If a company sets only monetary goals, but no social goals, it misses out on many things that a company could do. For example being a leader in corporate social responsibility and not just a follower of the law. Shift your company strategy and set social goals as your objective, all within the constraints of your financial capabilities. This stimulates innovation.
"Running a business" successfully does not necessarily and solely mean "making scandalous profits". That's however what American economics and views teach us. It can equally mean providing a sustainable point of interchange between a company and a consumer and expanding this business to new areas, seeing economy as something wider than utility and money, including social benefit as a type of currency in the equation.
You may become stinking rich if you play 'unfair', but at what cost?
If you do focus like no one else on your customers and consider your financial revenue as a secondary consequence, maybe then your company brand might actually mean something to customers! So, a successful formula for this view on business, in the order below:
1. Consider profit secondary to customer experience and feeling of fairness.

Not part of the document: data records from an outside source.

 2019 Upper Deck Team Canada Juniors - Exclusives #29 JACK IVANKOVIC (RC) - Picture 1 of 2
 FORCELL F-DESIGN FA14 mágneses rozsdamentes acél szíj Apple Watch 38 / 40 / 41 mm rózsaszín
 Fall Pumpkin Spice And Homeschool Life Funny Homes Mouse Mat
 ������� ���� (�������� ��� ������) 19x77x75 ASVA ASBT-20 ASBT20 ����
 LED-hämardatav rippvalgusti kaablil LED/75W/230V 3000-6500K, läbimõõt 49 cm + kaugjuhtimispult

2. Maintain financial capabilities.
3. Be innovative with new products, because that will elevate the user experience. New things provide good novel experiences. Old things do not, unless offered in new ways.
4. Develop a brand.
5. Make sure you have one or two things that are slightly "evil" or "evil-obvious" in your policies, but not so evil that it outbalances the customer experience.
6. Back to 1.
The above points give an example of what I would consider "running a business". It doesn't focus on money-making, although it is an important aspect, the primary focus is its reputation and place in society. How do customers perceive you and what can be done about any negative views?

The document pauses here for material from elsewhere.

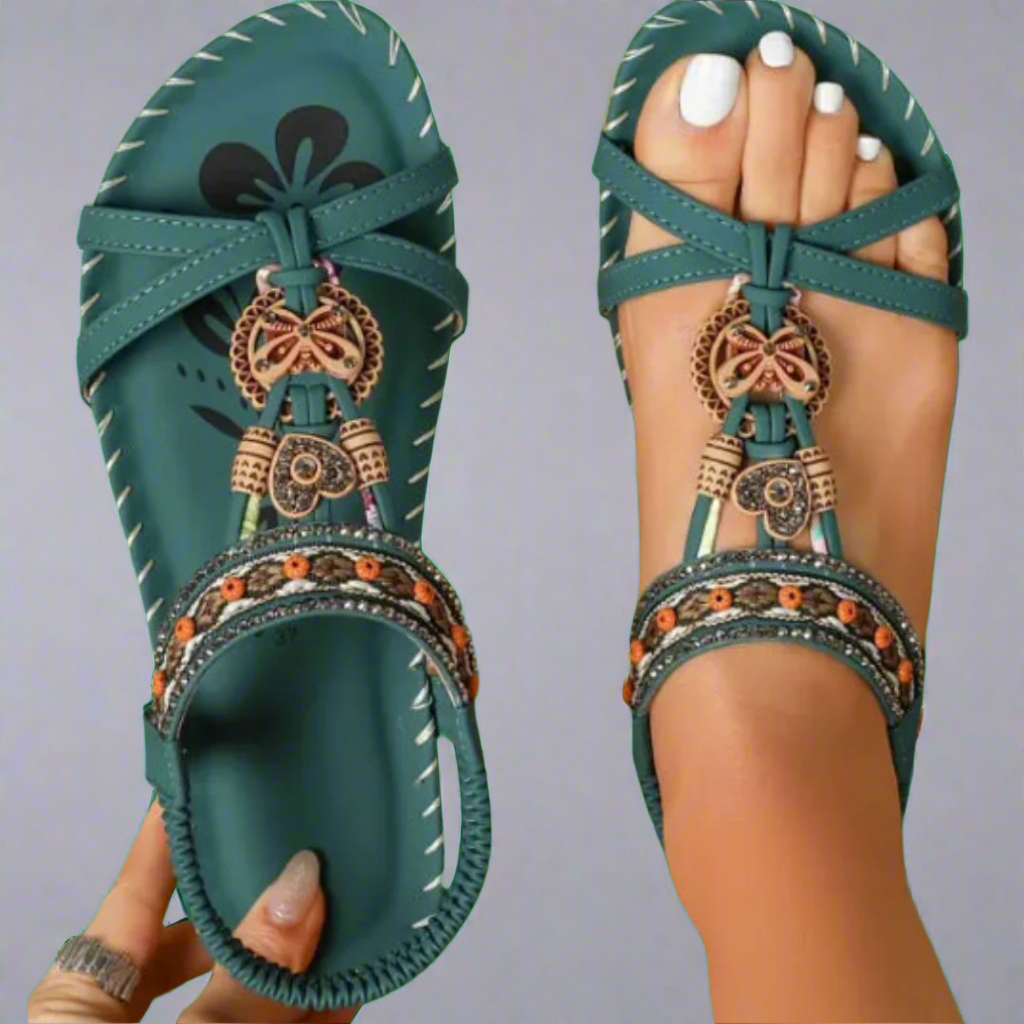 Корина | Ръчно изработени летни сандали от премиум материал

Example of considered-evil companies are software companies. Car companies are not seen as evil, even if they make good profits, because the company makes an effort each and every time when they produce the car. So it is reasonable and fair that the consumer pays for its acquisition. Software companies have made a moderate investment only in the beginning. But afterwards, the same charge is applied for the same software at zero cost of reproduction. This feels unfair, since no effort is spent for each and every company. That feels wrong (if it really is, is left to discussion).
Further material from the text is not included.